Our work, recently published in Communications Chemistry, aims to unveil the underlying rules of interaction patterns that determine the binding specificity between protein partners. Our hypothesis is that the interaction patterns can be extracted from the evolutionary information imprinted on naturally occurred homologous sequences, as well as computational-simulated evolved sequences. We believe that naturally occurred homologous sequences store the hints of common family-wide interaction patterns for protein stabilities and functions, while structure-oriented computational evolved sequences carry the structure-specific interaction patterns which are tuned to bind cognate partners. To validate our hypothesis, we chose an ideal protein complex model, two-component signaling (TCS) system, which is the most prevalent signal transduction system in bacterial for sensing and responding to environment stimuli (Fig. 1).

 

TCS contains a cognate protein pair, i.e. histidine kinase (HK) and response regulator (RR); the complex structure of TCS is formed by one HK dimer and two RR monomers; HK dimer is composed of one histidine phosphotransfer (DHp) domain, and two catalytic and ATPbinding (CA) domains; RR is composed of receiver (Rec) domain.
Fig. 1 Complex structure of two-component signaling system (TCS, PDB
entry:3DGE). TCS contains a cognate protein pair, i.e. histidine kinase (HK)
and response regulator (RR); the complex structure of TCS is formed by
one HK dimer and two RR monomers; HK dimer is composed of one
histidine phosphotransfer (DHp) domain, and two catalytic and ATPbinding
(CA) domains; RR is composed of receiver (Rec) domain.

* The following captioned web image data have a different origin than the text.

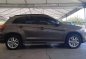 2012 Mitsubishi ASX GLX MT for sale -2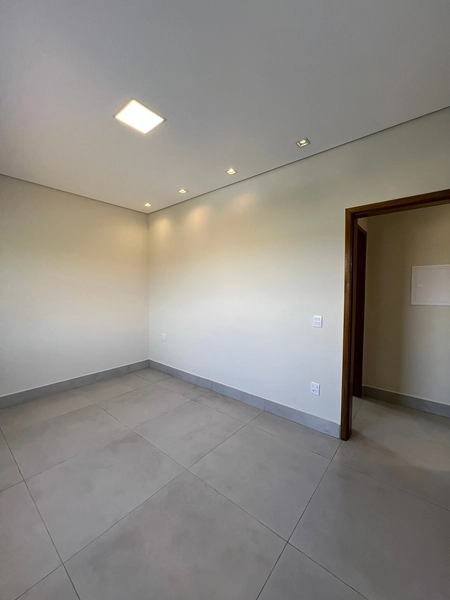 Casa Nova por 580 mil: 14ª foto da galeria de imagens do imóvel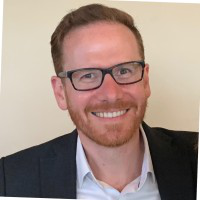 Stu Coombes avatar image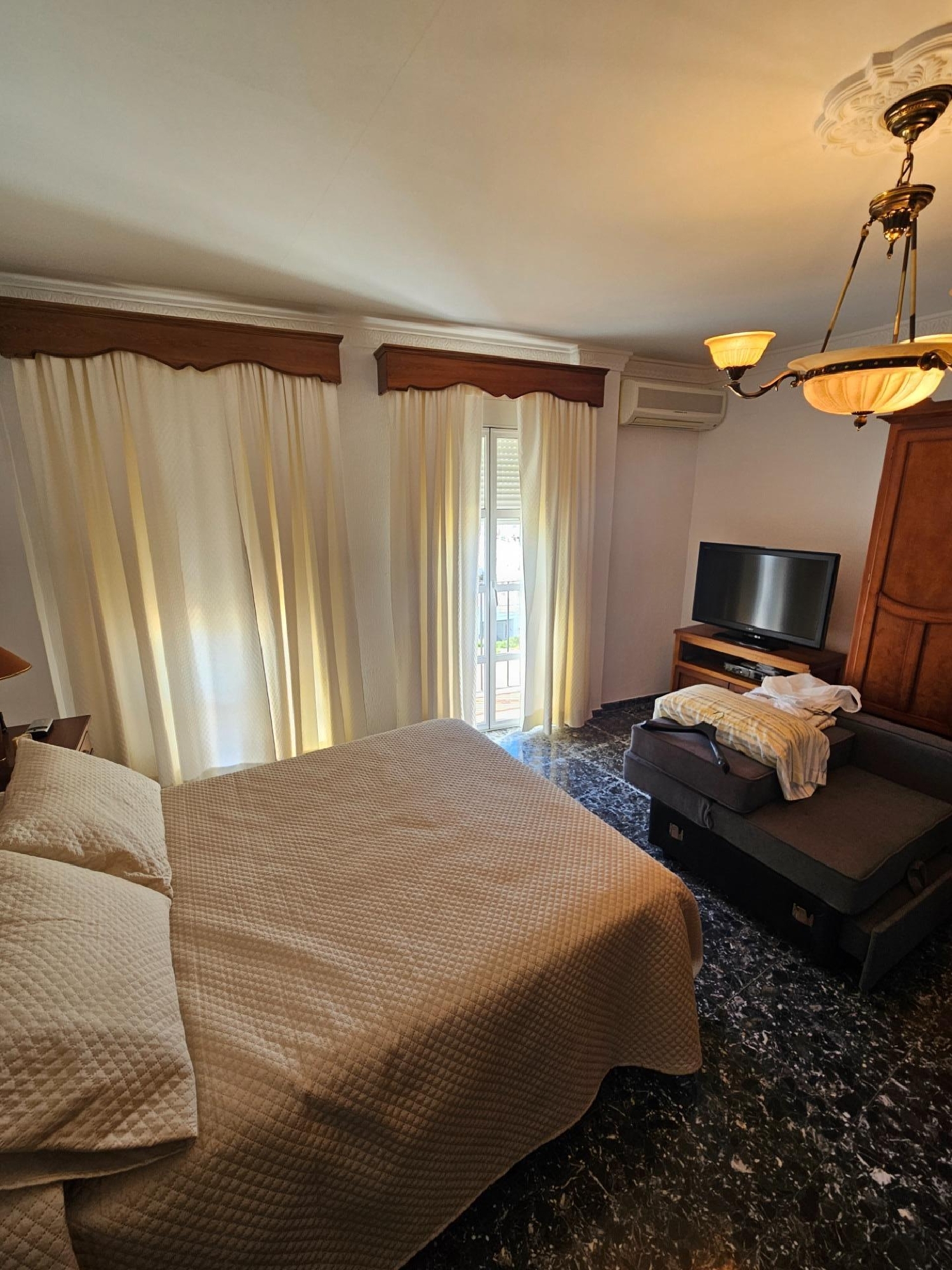  kaufen Maisonette Vejer De La Frontera Janda (La) 3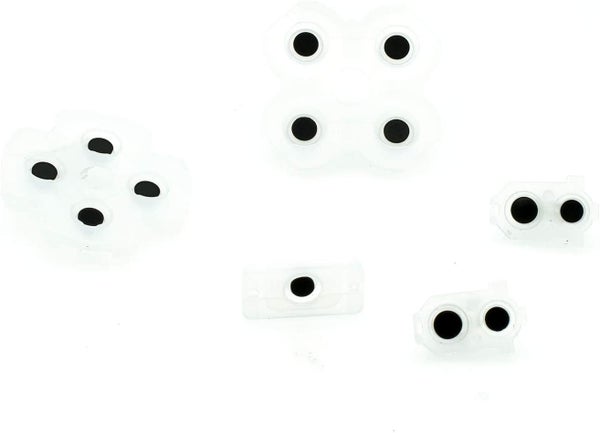 galleryimage 2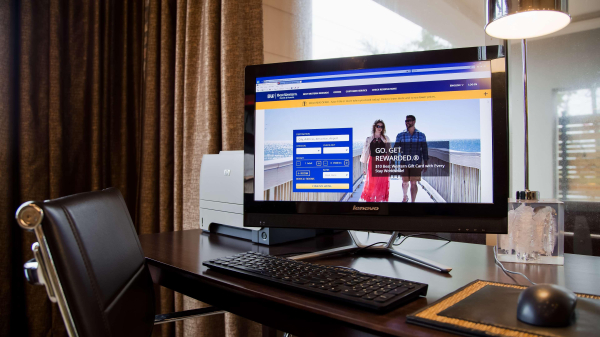 Best offers for SureStay Plus by Best Western Covington North Shore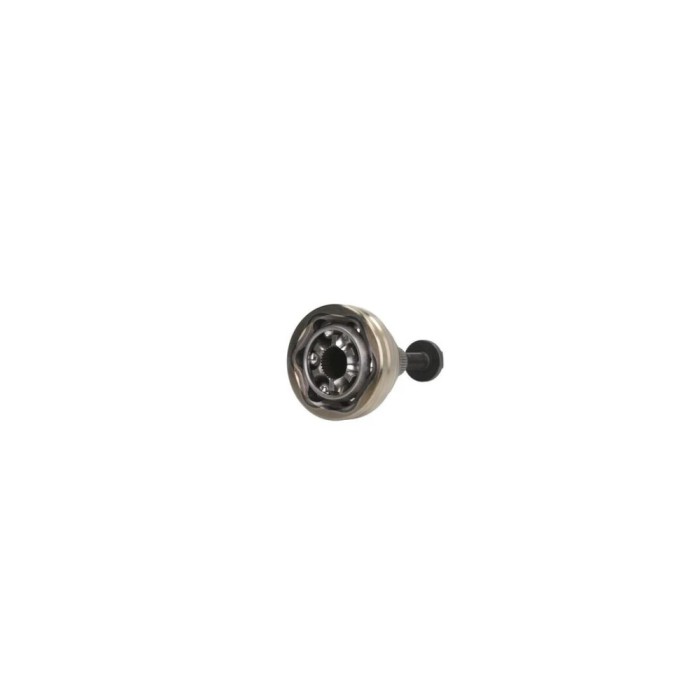 Cap planetara AUDI A3 8V1 CIFAM 607-708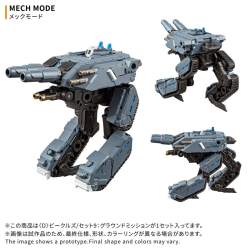 135156 B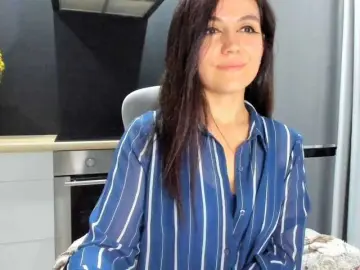 Bongacams Watch Live Sex Cams of Dixii_life
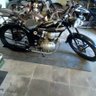 Фото профиля Johan De Muncn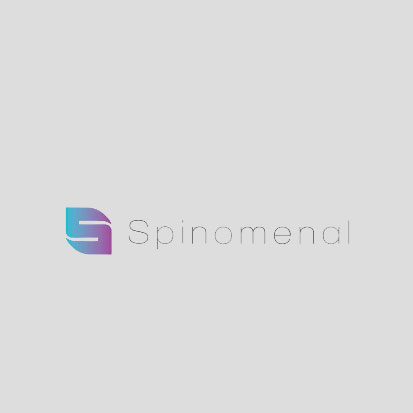 Spinomenal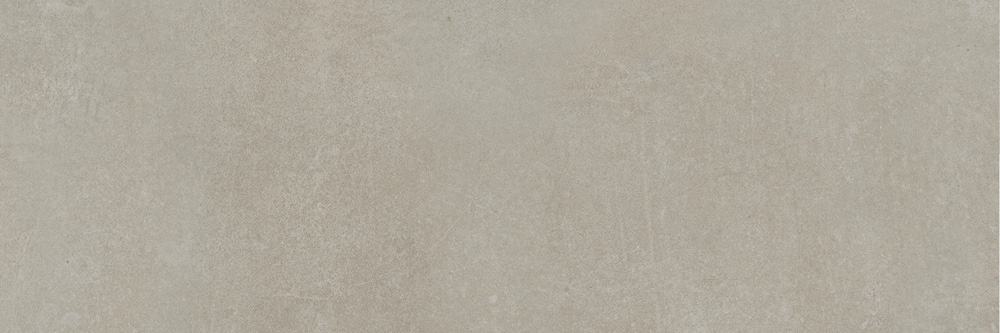 PT11268 28 - PT11268 (28)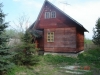 /photos/83765.jpg?w=640&h=480
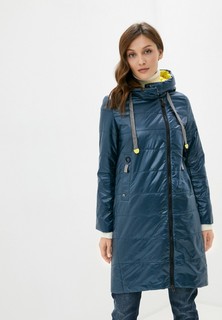 Куртка утепленная Dansanti 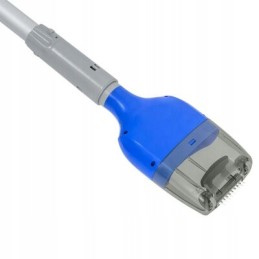 Bestway 58648 baseino dulkių siurblys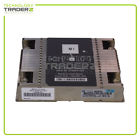 786581-001 Hp Front Cpu-20fin Heatsink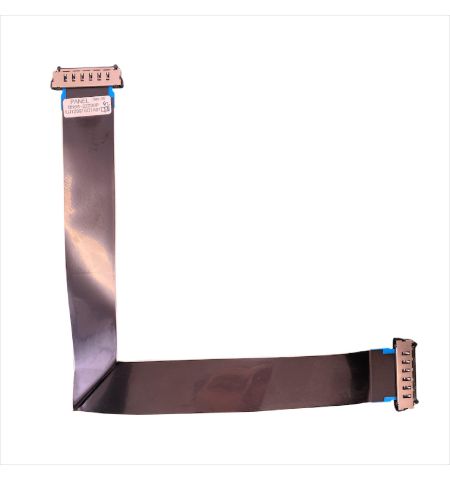 Cable Flex / LVDS BN96-22239P Samsung UE40EH5300 Cable Flex / LVDS BN96-22239P Samsung UE40EH5300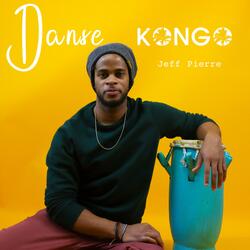 Danse Kongo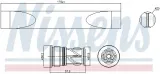 osuszacz-nissens-95620-producent-czesci-nissens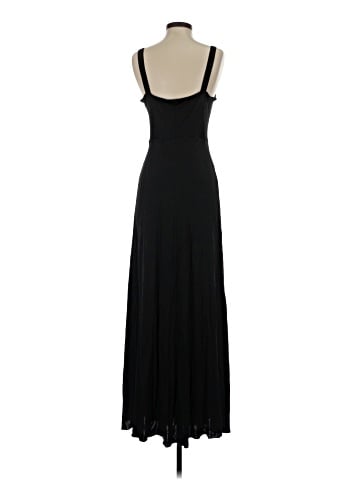 Elie Tahari Cocktail Dress (view 2)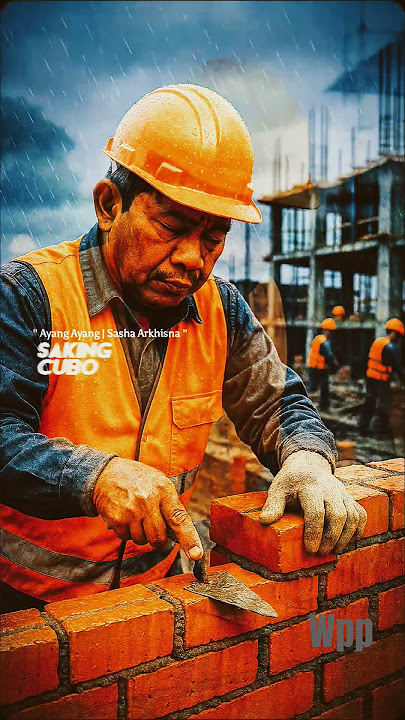 pekerja proyek #pekerjaanproyek #storywa #motivasikerja #meme #pejuangrupiah #storyharian #quotes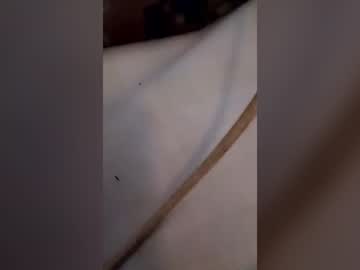 cleanshaven100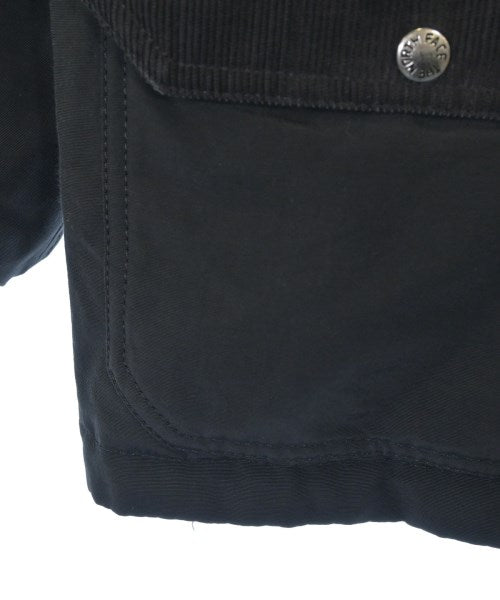 JUNYA WATANABE MAN 羽絨夾克/背心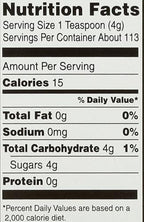 Domino Dark Brown Sugar, 1 lb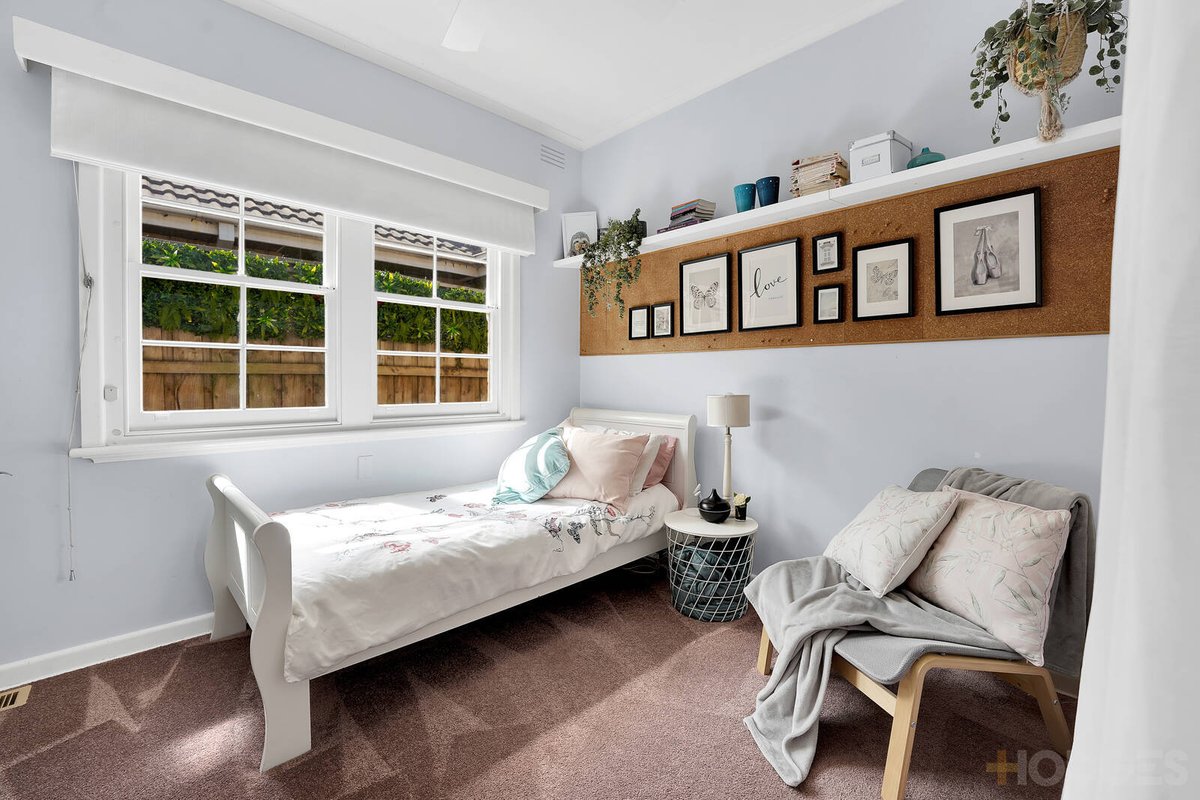 64 Evan Street Parkdale - Residential for sale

In silico, we reconstructed the history of protein evolution in the sequence space by developing a protein evolution simulation method according to the well-established and validated funneled energy landscape theory [1-2]. Similarly as protein folding in the structural space, protein evolution in the sequence space follows a bawl-like energy landscape (Fig. 2). Computational-simulated evolved sequences from the basin of the bawl-like energy landscape are those carrying the structure-specific interaction patterns which are tuned to bind cognate partners.

 

Evolution energy landscape in the sequence space of the Rec domain, the basin means the size of the sequence entropy for the evolved sequences.
Fig.2 Evolution energy landscape in the sequence space of the Rec domain.
The basin means the size of the sequence entropy for the evolved sequences.

Having naturally occurred homologous sequences and structure-oriented evolved sequences for analysis, we observed three rules of interaction patterns that could regulate the binding specificity, at least for TCS system. Firstly, highly conserved amino acid positions locate at the binding surfaces for functional needs. This suggests functional requirements are more structure-specific than folding stability. Secondly, a few positions, even physically remote to each other, are highly coupled in variation of amino acids. Surprisingly, the frequency-magnitude of coupling conservations within the structure follows a power law distribution. In addition, those positions with highly coupling conservation constitute an interaction network connecting the binding surfaces for functions and hydrophobic core for folding stability. Thirdly, to realize the binding specificity between cognate partners, additional positions are tuned to adapt to the binding partner. These tuned interaction patterns are complementary to the common family-wide ones.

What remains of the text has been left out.